** Data shown follows **
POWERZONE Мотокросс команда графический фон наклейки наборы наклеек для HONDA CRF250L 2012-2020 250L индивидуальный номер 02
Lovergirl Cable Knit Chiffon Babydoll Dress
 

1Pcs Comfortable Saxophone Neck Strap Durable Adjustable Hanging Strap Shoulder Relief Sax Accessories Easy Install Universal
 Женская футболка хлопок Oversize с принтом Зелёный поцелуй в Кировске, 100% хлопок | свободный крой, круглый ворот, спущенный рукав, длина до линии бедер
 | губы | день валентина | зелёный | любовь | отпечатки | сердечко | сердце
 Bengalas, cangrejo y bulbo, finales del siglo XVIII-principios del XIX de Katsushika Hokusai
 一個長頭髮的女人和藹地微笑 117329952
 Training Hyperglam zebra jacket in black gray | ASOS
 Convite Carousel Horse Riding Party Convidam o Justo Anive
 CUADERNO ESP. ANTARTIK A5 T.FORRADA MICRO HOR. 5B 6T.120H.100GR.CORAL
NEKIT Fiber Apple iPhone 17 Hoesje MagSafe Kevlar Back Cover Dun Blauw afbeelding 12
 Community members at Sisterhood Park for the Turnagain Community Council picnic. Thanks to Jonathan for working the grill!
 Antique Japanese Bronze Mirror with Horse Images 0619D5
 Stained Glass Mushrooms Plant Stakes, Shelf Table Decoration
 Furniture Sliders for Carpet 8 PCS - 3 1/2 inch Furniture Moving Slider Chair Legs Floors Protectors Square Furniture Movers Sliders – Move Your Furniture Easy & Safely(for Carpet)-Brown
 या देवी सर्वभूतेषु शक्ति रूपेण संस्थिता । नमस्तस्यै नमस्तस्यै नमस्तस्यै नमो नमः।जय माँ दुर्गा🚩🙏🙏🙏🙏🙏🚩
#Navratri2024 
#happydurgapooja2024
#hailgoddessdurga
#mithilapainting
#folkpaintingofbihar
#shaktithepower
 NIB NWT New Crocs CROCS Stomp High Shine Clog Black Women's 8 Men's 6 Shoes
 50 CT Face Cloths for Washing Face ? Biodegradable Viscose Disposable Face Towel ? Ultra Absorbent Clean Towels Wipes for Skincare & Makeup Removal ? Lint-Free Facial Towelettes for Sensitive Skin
** End of Data shown **
= Brief =
Which of the lines in the data contain the string "Easy"? Return each one.

= Response for this exercise =
1Pcs Comfortable Saxophone Neck Strap Durable Adjustable Hanging Strap Shoulder Relief Sax Accessories Easy Install Universal
 Furniture Sliders for Carpet 8 PCS - 3 1/2 inch Furniture Moving Slider Chair Legs Floors Protectors Square Furniture Movers Sliders – Move Your Furniture Easy & Safely(for Carpet)-Brown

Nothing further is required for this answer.